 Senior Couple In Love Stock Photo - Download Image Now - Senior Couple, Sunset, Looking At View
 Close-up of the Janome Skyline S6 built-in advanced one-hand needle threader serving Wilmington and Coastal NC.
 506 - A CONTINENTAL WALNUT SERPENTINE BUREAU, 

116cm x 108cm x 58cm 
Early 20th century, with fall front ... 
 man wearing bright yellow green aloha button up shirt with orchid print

--

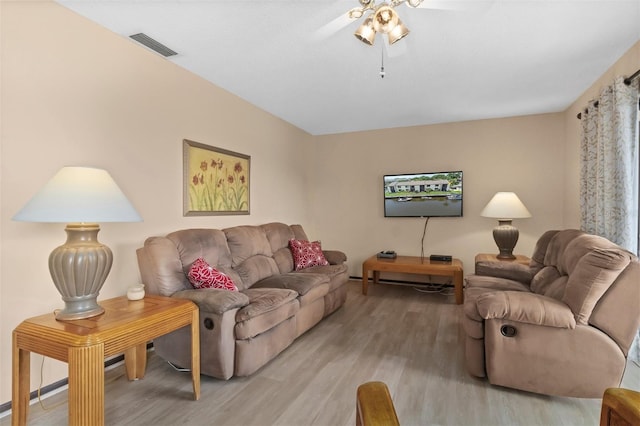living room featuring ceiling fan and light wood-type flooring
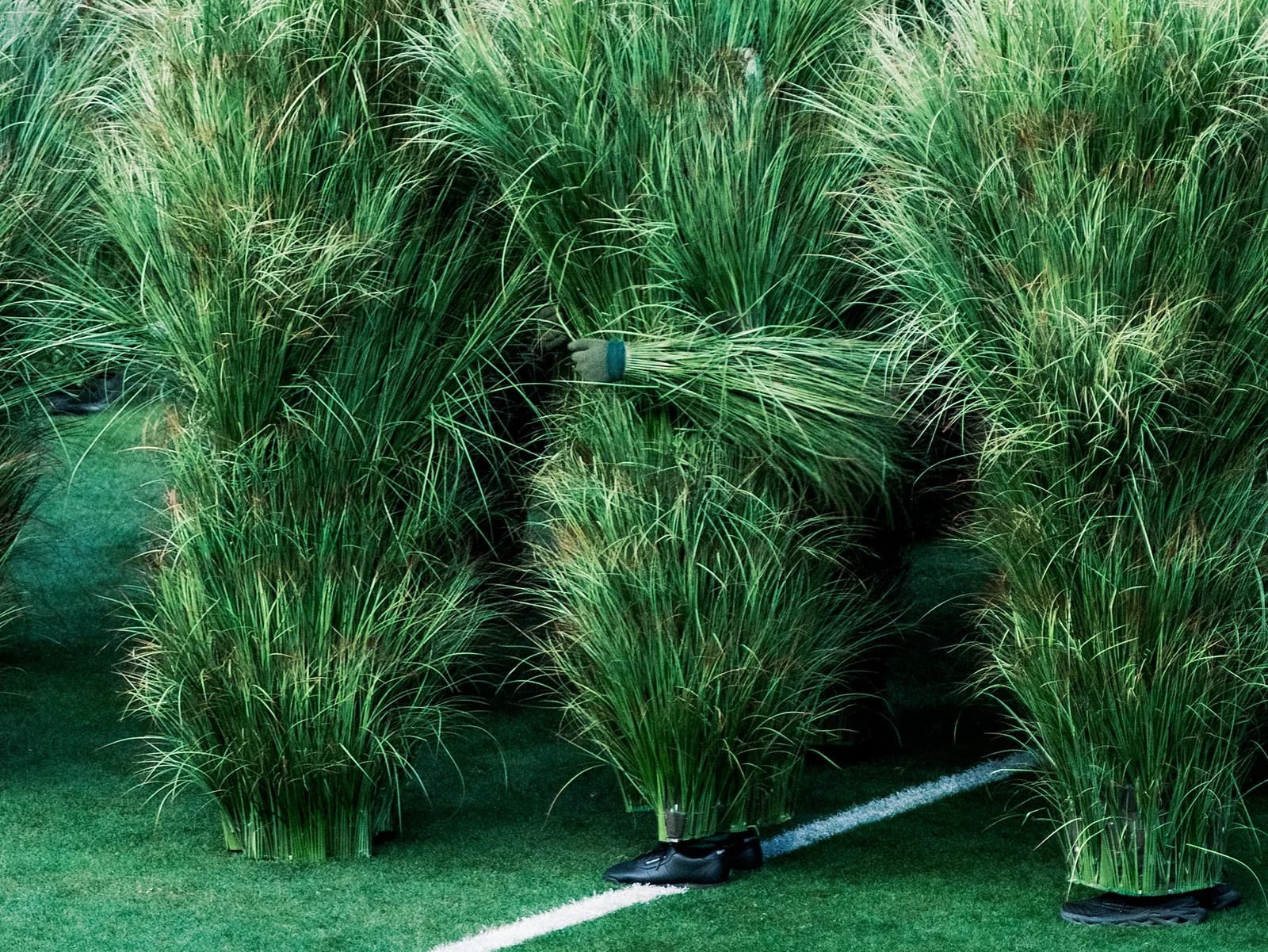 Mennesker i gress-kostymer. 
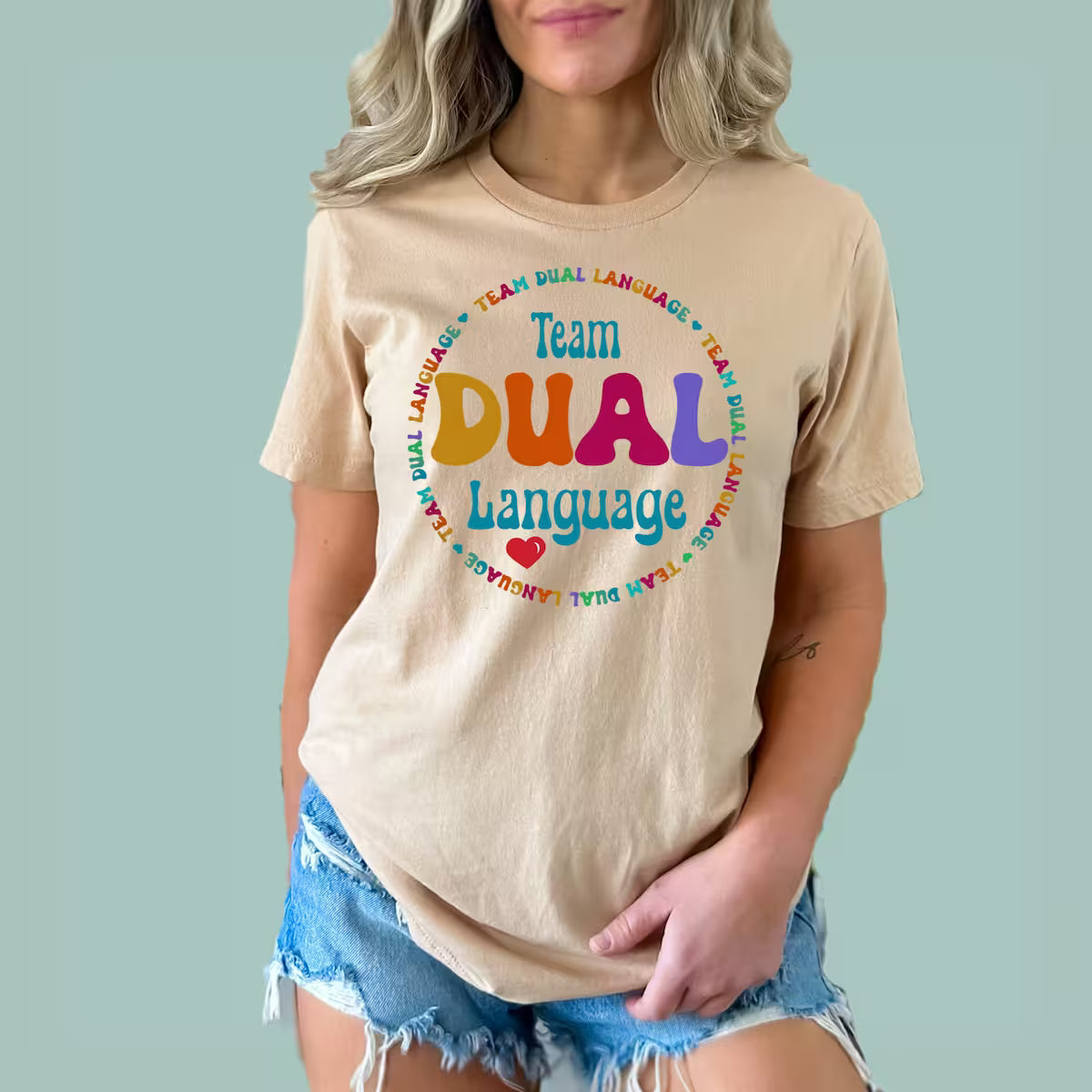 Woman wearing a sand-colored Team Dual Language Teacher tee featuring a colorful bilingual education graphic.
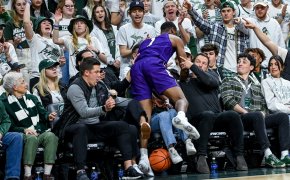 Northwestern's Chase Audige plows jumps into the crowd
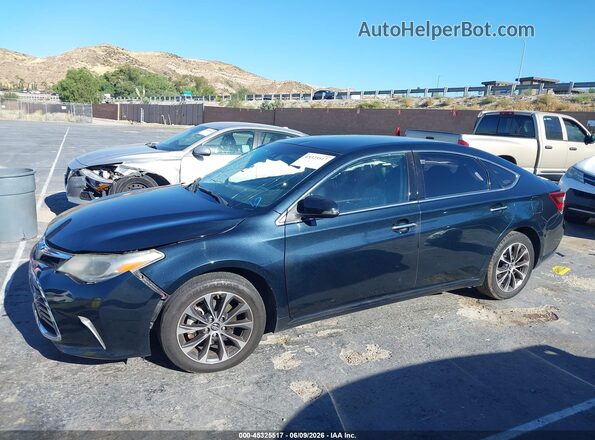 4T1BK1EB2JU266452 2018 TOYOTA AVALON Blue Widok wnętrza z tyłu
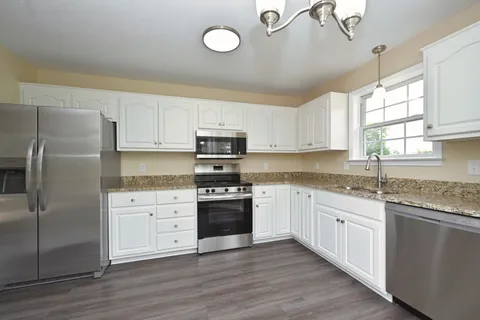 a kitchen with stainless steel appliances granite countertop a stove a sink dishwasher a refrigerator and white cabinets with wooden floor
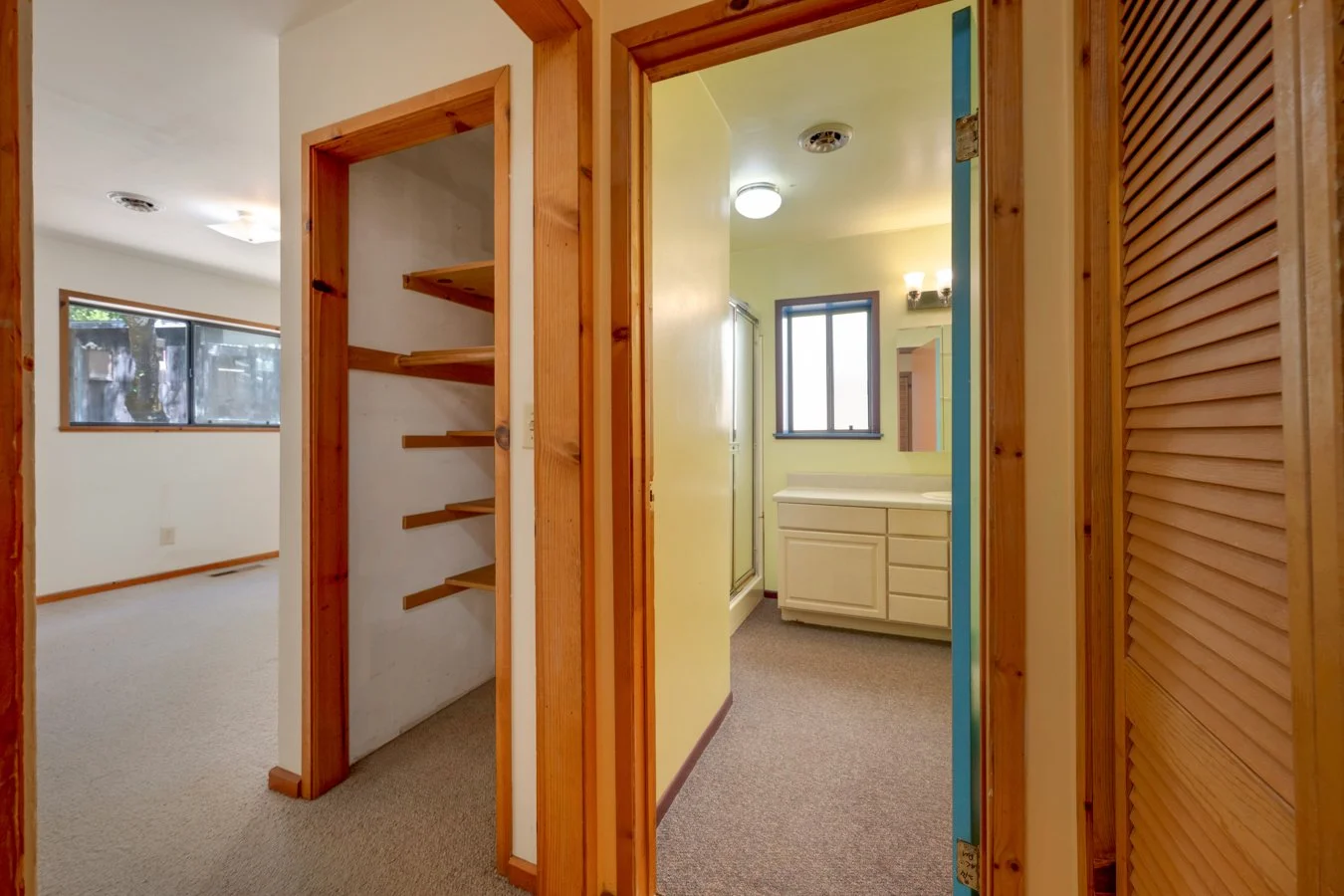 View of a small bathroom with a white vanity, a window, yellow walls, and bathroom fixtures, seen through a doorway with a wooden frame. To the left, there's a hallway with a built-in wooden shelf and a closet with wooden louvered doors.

__What this task involves__. Above are the records; restate exactly the lines from the one containing "4T1BK1EB2JU266452 2018 TOYOTA" through the one containing "View of a small", keeping pictures out.

__Response box__.
 4T1BK1EB2JU266452 2018 TOYOTA AVALON Blue Widok wnętrza z tyłu
 a kitchen with stainless steel appliances granite countertop a stove a sink dishwasher a refrigerator and white cabinets with wooden floor
 View of a small bathroom with a white vanity, a window, yellow walls, and bathroom fixtures, seen through a doorway with a wooden frame. To the left, there's a hallway with a built-in wooden shelf and a closet with wooden louvered doors.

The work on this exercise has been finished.